Guy Ritchies neuer Film „In the Grey“ beleuchtet die Geschlechterrollen in der Gesellschaft. Trotz spannender Ansätze bleibt die Frage, wie tiefgreifend die zugrunde liegenden Themen behandelt werden.

Von Leonie Weber9. Juli 20262 Min Lesezeit

Guy Ritchies neuer Film „In the Grey“ beschäftigt sich mit dem gelungenen, aber oft problematischen Zusammenspiel von Geschlechterrollen in der modernen Gesellschaft. Im Zentrum steht die Annahme, dass Frauen in der Regel die Denker sind, während Männer sich mit der praktischen, oftmals mühsamen Umsetzung von Ideen befassen. Diese Sichtweise könnte, insbesondere in einem Film, der in der Action- und Gangsterwelt spielt, zwar unterhaltsam sein, doch wie viel Wahrheit steckt wirklich dahinter?

Das Drehbuch präsentiert eine Welt, in der Frauen strategische Entscheidungen treffen und Männer die Drecksarbeit verrichten. Das ist ein cleveres Konzept, das zwar zum Schmunzeln anregt, jedoch auch Fragen aufwirft. Wo bleibt die Tiefe in der Charakterentwicklung? Werden die weiblichen Figuren tatsächlich als starke Protagonistinnen dargestellt oder bleiben sie lediglich als Akteure in einem von Männern dominierten Szenario? Die Vorstellung, dass Männer immer die Harten sind, während Frauen die Klugen, könnte als innovativ erachtet werden, doch ist es nicht auch eine gefährliche Verallgemeinerung, die die Realität nicht ganz erfasst?

In einer Zeit, in der Geschlechterfragen und Gender-Rollen besonders im Fokus stehen, könnte Ritchies Ansatz als Rückschritt in die Klischees angesehen werden. Wie wird die Botschaft verstanden werden? Der Stärken und Schwächen beider Geschlechter wird man in einem Actionfilm nur schwer gerecht. Vielleicht bleibt der Film im Verborgenen stehen und es fehlt die nötige Reflexion über den Einfluss dieser Darstellungen in der Popkultur. Die Rückkehr zu stereotypischen Geschlechterrollen wird oft mit einem Augenzwinkern betrachtet, doch bleibt unerwähnt, wie sich solche Darstellungen in das Bewusstsein der Zuschauer einnisten können.

Der Diskurs über Geschlechterdarstellungen in Filmen ist komplex. Während Ritchie mit seinem Markenzeichen, der Mischung aus Humor und Action, unterhält, könnte „In the Grey“ genau der richtige Moment sein, um die Zuschauer dazu zu bewegen, auch die unausgesprochenen Botschaften und die Normen, die in unserer Gesellschaft verankert sind, zu hinterfragen. Die entscheidende Frage bleibt, ob der Film tatsächlich als kritischer Kommentar zur Geschlechterordnung verstanden werden kann oder ob er lediglich das bestehende Narrativ reproduziert.

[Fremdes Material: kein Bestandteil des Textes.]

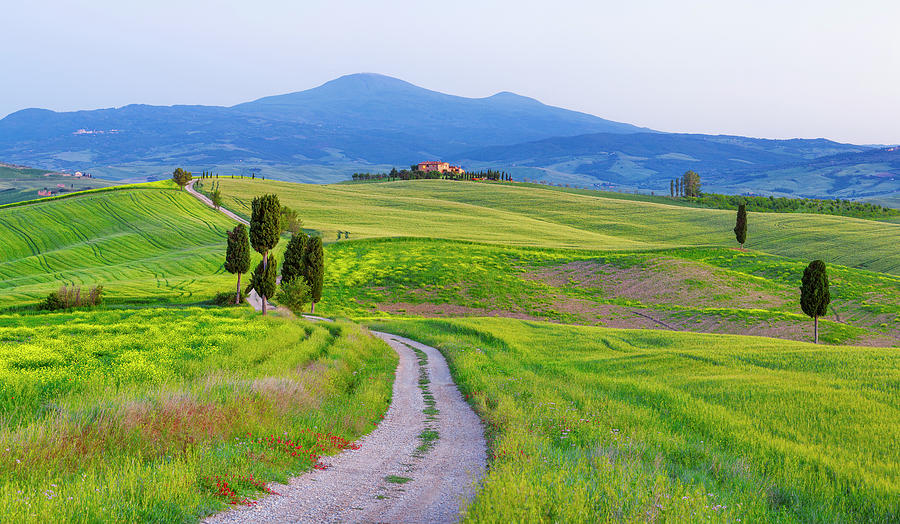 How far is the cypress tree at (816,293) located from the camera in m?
46.5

Im Endeffekt bleibt zu überlegen, welche Narrative wir in der zeitgenössischen Kultur unterstützen und welche Botschaften wir jungen Menschen mit auf den Weg geben. Es scheint, als könnten wir mehr von diesem Thema erwarten, als es auf den ersten Blick den Anschein hat. Ritchies Film könnte eine spannende Diskussion anstoßen, die weit über die Leinwand hinausgeht, doch bleibt die Frage, ob das Publikum bereit ist, diese Diskussion zu führen.